Infidel Castro said:


> Hoping Plaid can squeak Canton. Labour are getting twitchy.



Plaid run the council with LibDems, surely they will be punished for dealing with the devil? I predict that the LibDems might take a kicking in Cardiff (especially given that their stronghold is in Cardiff Central, which has a high student population), Labour likely to take control of the council, not sure what Labour's plans are for power.


----------



## William of Walworth (Apr 20, 2012)

Labour are targetting Swansea too, but I'm not too clued up about the latest on their prospects.


----------



## 1927 (Apr 22, 2012)

Udo Erasmus said:


> Plaid run the council with LibDems, surely they will be punished for dealing with the devil? I predict that the LibDems might take a kicking in Cardiff (especially given that their stronghold is in Cardiff Central, which has a high student population), Labour likely to take control of the council, not sure what Labour's plans are for power.


Neither are they.


----------



## FaradayCaged (Apr 22, 2012)

I always vote for the Lib Dems in my consituent, irrespective of what the party as a whole does, they are the only fuckers who listen to us and do anything at all in my local area, such as clearing up fly-tipping, graffiti, getting speed bumps in accident hot spots etc.


----------



## Gavin Bl (Apr 22, 2012)

Plaid or Labour - not sure yet, but as with most people I'm sure - no great enthusiasm for any of them really. Just seen there is a Greenie standing in my ward though (Whitchurch and Tongwynlais)


----------



## lewislewis (Apr 26, 2012)

Plaid's performance won't have anything to do with their coalition with the Lib Dems. It will be to do with national issues or more accurately, the UK situation. Too early for most people to know that Leanne Wood is leader or what her agenda is.

We will see the Tories stay about the same, Lib Dems collapse drastically, Labour make huge gains and Plaid slip back slightly because of a section of their left-leaning support returning to Labour in order to vote against Cameron.

Whether this is good for Cardiff is unknown. Labour doesn't have a programme for running the city and whoever forms the next council administration will have to implement huge cuts. The cuts to local government in Wales have been nowhere near as bad as they have in England, but over the next few years the Treasury figures show the amount of money going to Wales being significantly reduced.
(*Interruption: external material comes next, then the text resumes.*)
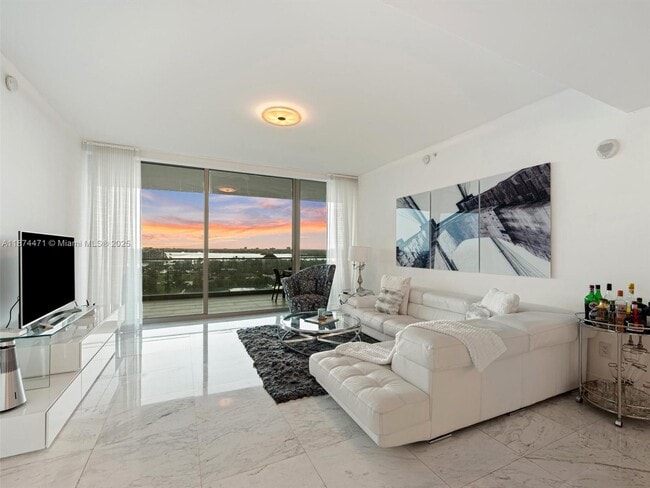 Foto del edificio - 10203 Collins Ave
Does this also mean Russell Goodway will be back running the show? Or at least holding a cabinet post?


----------



## Udo Erasmus (Apr 29, 2012)

Interview with ex-Labour, then independent councillor, Richard Bertin, who is seeking re-election in Barry 
http://www.radicalwales.org/2012/04/richard-bertin-independent-socialist.html


----------



## ddraig (May 4, 2012)

Leader of Cardiff loses his seat








> Mr Berman asked for a recount after missing out by 12 votes and then called for a second recount after losing by 14.​But a final count left him 51 votes adrift.​Labour swept all four seats in the ward to hand the Liberal Democrats a further blow and strengthen their grip on their newly won local authority.​​


​
Read More http://www.walesonline.co.uk/news/wales-news/2012/05/04/cardiff-council-leader-rodney-berman-loses-his-seat-91466-30902878/#ixzz1tugWg7nJ ​


----------



## Chemster (May 4, 2012)

So much for the vaunted Plaid resurgence...


----------



## nogojones (May 4, 2012)

ddraig said:


> Leader of Cardiff loses his seat
> 
> 
> 
> ...


 
 If only I could like this twice


----------



## ddraig (May 4, 2012)

here's another one for ya mate




from here
http://www.walesonline.co.uk/news/w...lose-out-91466-30899649/#.T6ODiVi9XUh.twitter

not that i am endorsing labour or anything


----------



## Chemster (May 4, 2012)

http://www.guardian.co.uk/politics/2012/may/03/elections-2012-welsh-councils

List of all the results^


----------



## lewislewis (May 8, 2012)

Plaid got their best ever share of the vote in Cardiff, 13%. But lost seats because Labour surged so much. Down to just 2 seats in Cardiff, from 6. In Cardiff West they got more than 20% of the vote. But as soon as the Lib Dems are out of the equation Plaid can't sneak through the middle anymore in urban Wales.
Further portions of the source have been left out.